Your instructions. Print exactly the lines below between the line holding "8 Sheralyn PLZ, HAMPTON VA 23666" and the line holding "A 1930s Focaccia", inclusive, and nothing more.

Data provided.
********************
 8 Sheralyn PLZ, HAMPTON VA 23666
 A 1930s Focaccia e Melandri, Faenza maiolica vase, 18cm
********************
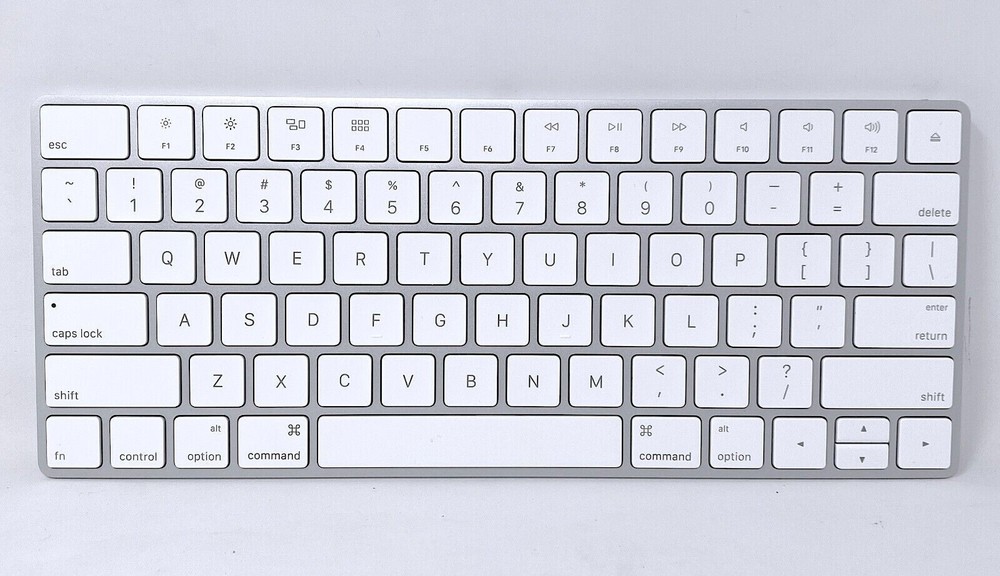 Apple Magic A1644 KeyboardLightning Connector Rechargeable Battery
********************
Reply.
 8 Sheralyn PLZ, HAMPTON VA 23666
 A 1930s Focaccia e Melandri, Faenza maiolica vase, 18cm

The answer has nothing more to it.